The diversification complement

VaR, for all its virtues, is not a standalone solution. It must be paired with thoughtful portfolio construction. At Fenyx Capital, our diversification across equities, bonds, and gold futures provides a natural foundation for risk management. These asset classes respond differently to various economic scenarios. Equities thrive in periods of growth. Bonds provide ballast during downturns. Gold offers protection against currency debasement and geopolitical uncertainty.

This diversification creates a portfolio whose constituent parts may move in different directions, reducing the likelihood of catastrophic loss. When we calculate VaR for a diversified portfolio, we capture not just the individual risks of each asset class but also the correlations between them. A portfolio of highly correlated assets offers little true diversification, and its VaR will reflect this fragility. A portfolio of genuinely uncorrelated or negatively correlated assets will exhibit lower VaR, a mathematical expression of its resilience.

The synergy between diversification and VaR-based leverage management is profound. Diversification provides the structural foundation, the architecture of resilience. Dynamic VaR-based leverage provides the adaptive response, the ability to dial risk up or down as conditions warrant. Together, they create a portfolio that is both robust and responsive, capable of weathering adverse scenarios while remaining positioned to capture opportunities when they emerge.

The path forward

The choice to anchor our risk management in Value at Risk is not an assertion that VaR is perfect. It is an acknowledgment that in the realm of portfolio management, perfection is unattainable. Every risk metric involves tradeoffs. Every model rests on assumptions. The question is not whether a framework is flawless, but whether it is fit for purpose.

VaR, particularly when implemented dynamically and complemented with stress testing and thoughtful diversification, meets our requirements. It provides forward-looking risk assessment. It translates abstract volatility into concrete probabilities and magnitudes. It informs rather than prescribes, offering a foundation for judgment rather than a replacement for it. And crucially, it allows us to communicate risk in terms that our investors can understand and evaluate.

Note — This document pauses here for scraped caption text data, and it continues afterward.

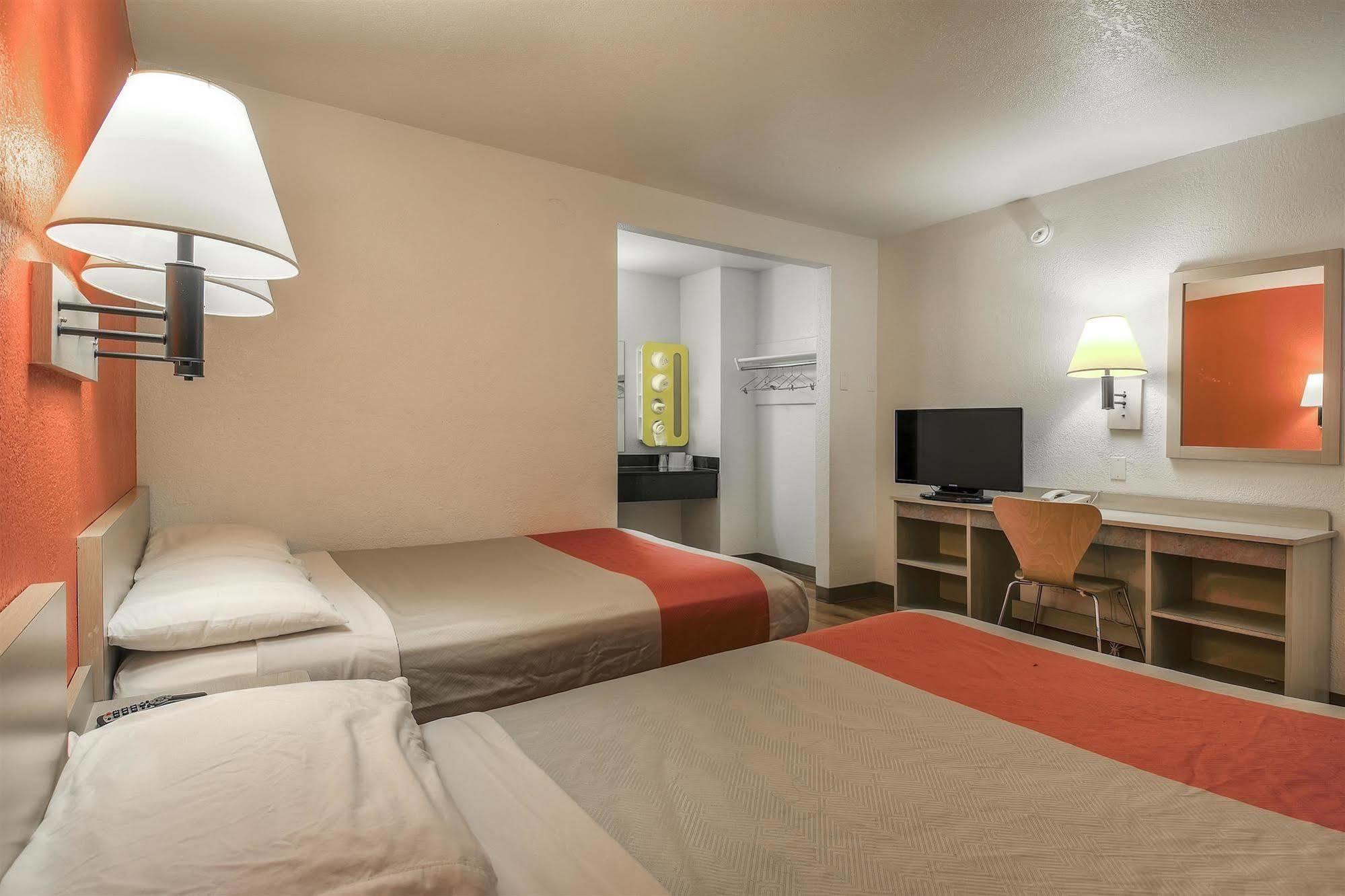 Motel 6-Chino, Ca - Los Angeles Area Eksteriør billede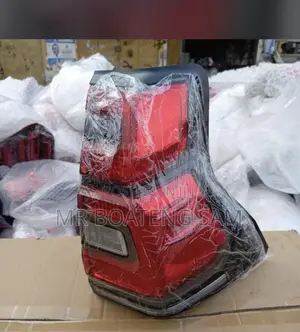 Toyota Land Cruiser Prado 2018 Taillight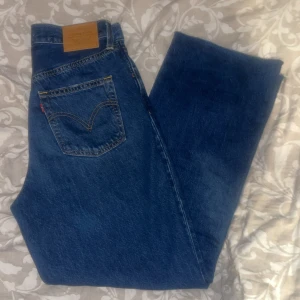 Blå Levis jeans  - Snygga blå Levi's jeans med hög midja och straight fit med knappgylf. Aldrig använda, endast provade.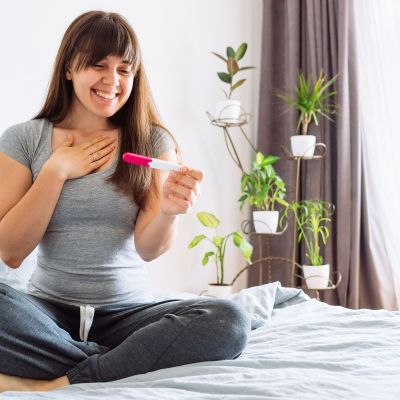 Μόλις ανακάλυψες ότι είσαι έγκυος; 8 βήματα για να ξεκινήσεις σωστά την εγκυμοσύνη σου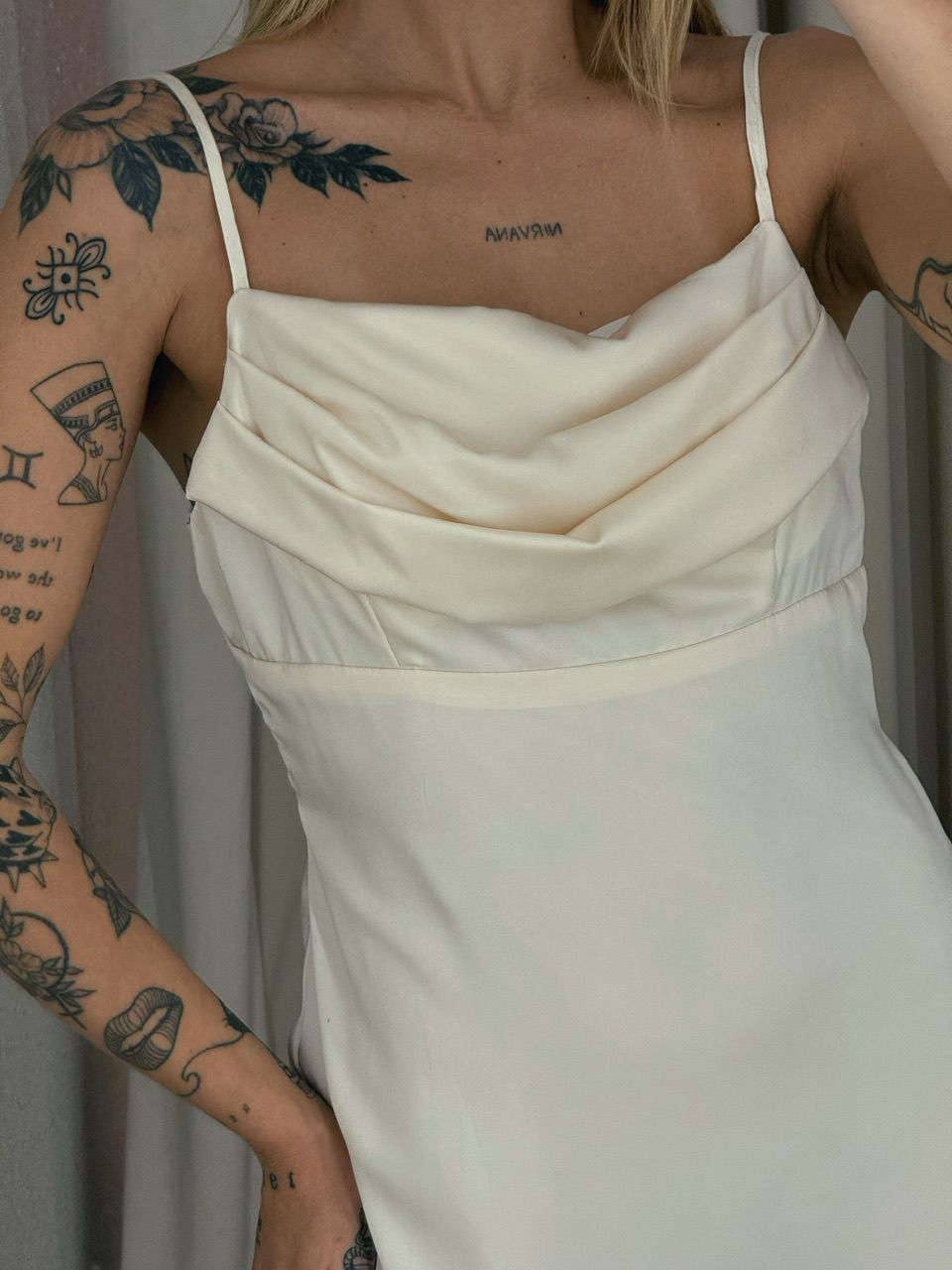 VESTIDO ISA MIDI ACETINADO MARFIM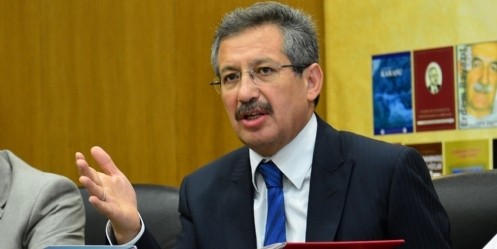 Belediye Başkanı Poyraz, 10 yıllık hizmet kitabını tanıttı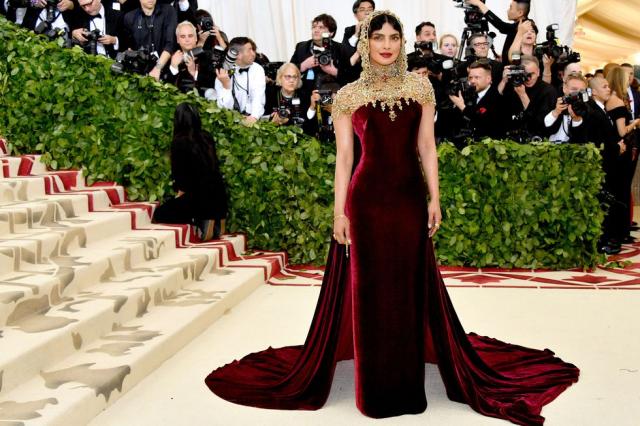 Met_2018_priyanka-chopra-1525776902_%281%29_Ralph_Lauren.jpg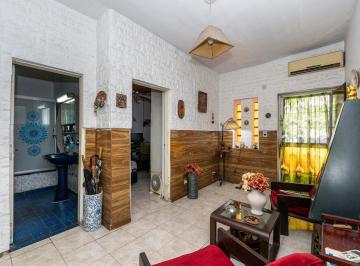Casa · 138m² · 4 Ambientes · 2 Cocheras · Casa en Pompeya, Patio con Lavadero, Terraza, Cochera Para 2 Autos, 2 Baños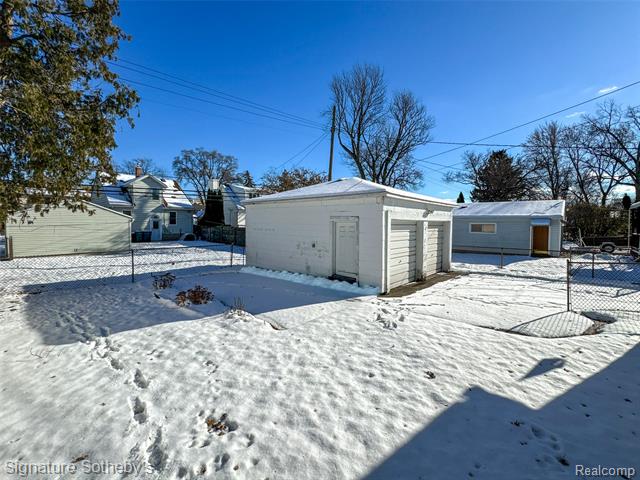 Builiding view twenty for 3296 Cumberland, Berkley, MI. 48072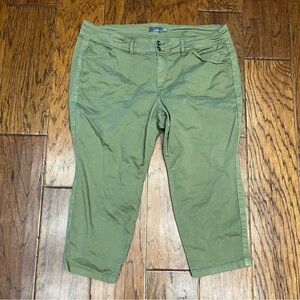 Torrid women’s plus size olive green crop aviator skinny twill high olivine pant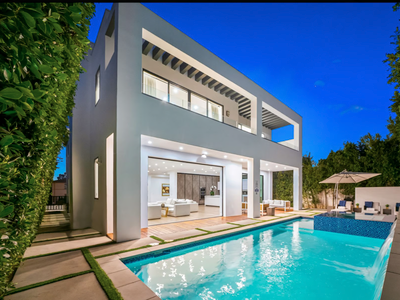 Luxurious Retreat – Modern House+Pool 4 bed/5 Bath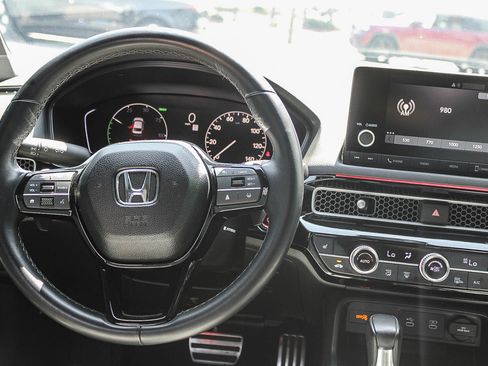 Used 2025 Honda Civic Sport image 15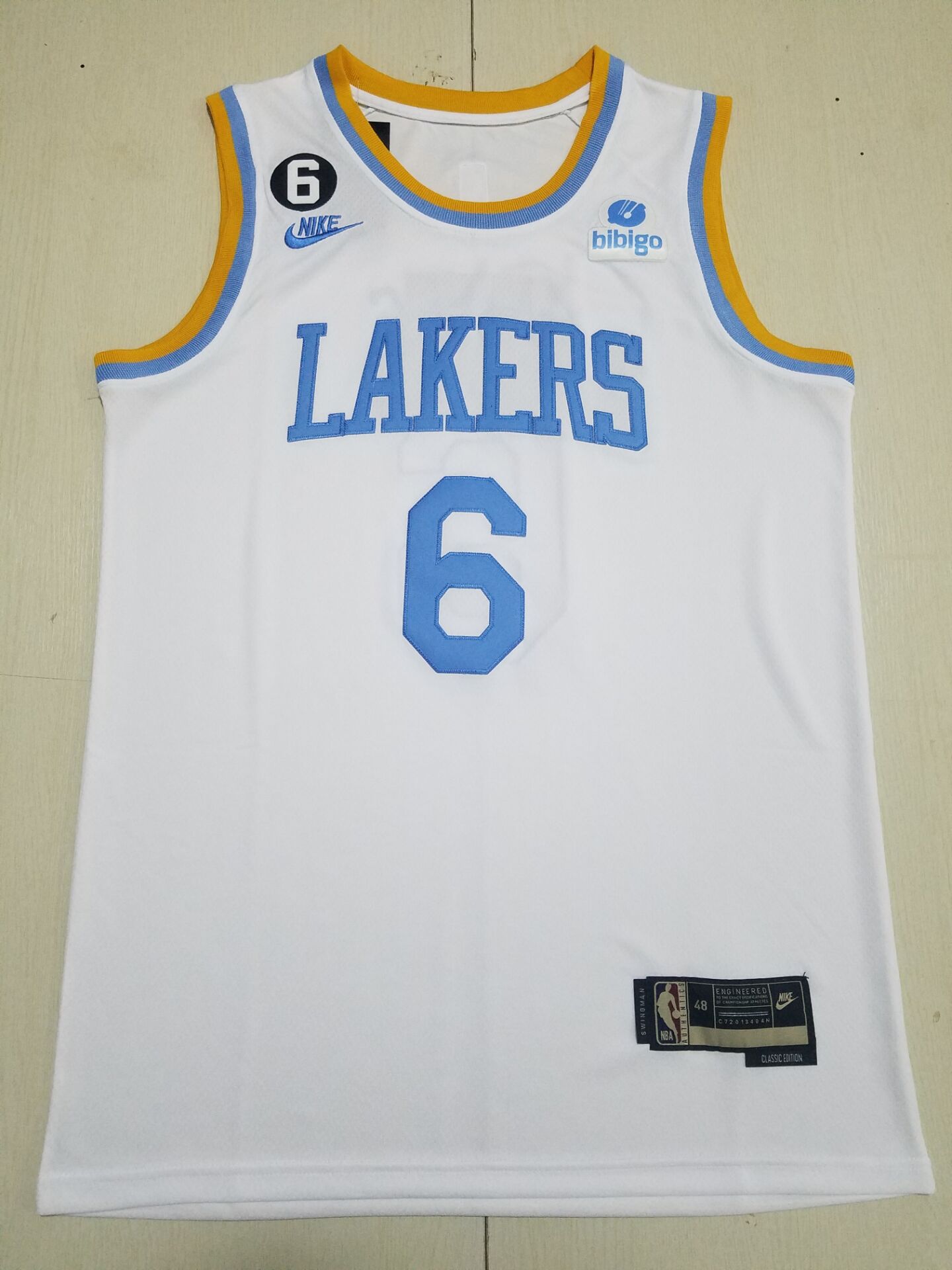 Men Los Angeles Lakers #6 LeBron James White Throwback 2022 Nike NBA Jerseys->los angeles lakers->NBA Jersey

In an industry too often characterized by complexity that obscures rather than illuminates, this clarity is no small achievement. We have built our risk management framework around VaR not because it is fashionable, but because it works. It allows us to navigate uncertainty with a steady hand, adjusting our exposure as conditions change while maintaining a consistent risk profile. It transforms the abstract specter of potential loss into a measurable, manageable reality.

The markets will continue to surprise us. Volatility will spike and subside. Correlations will shift. Black Swans will land when least expected. But with a robust VaR framework guiding our decisions, we believe we are positioned to weather these storms while preserving capital and delivering risk-adjusted returns. In the end, that is what prudent risk management demands: not the elimination of uncertainty, but its careful navigation. VaR provides the compass. The journey remains ours to navigate.

Disclaimer: This article is for informational purposes only and does not constitute investment advice. Investors should conduct their own due diligence or consult with a financial advisor before making any investment decisions.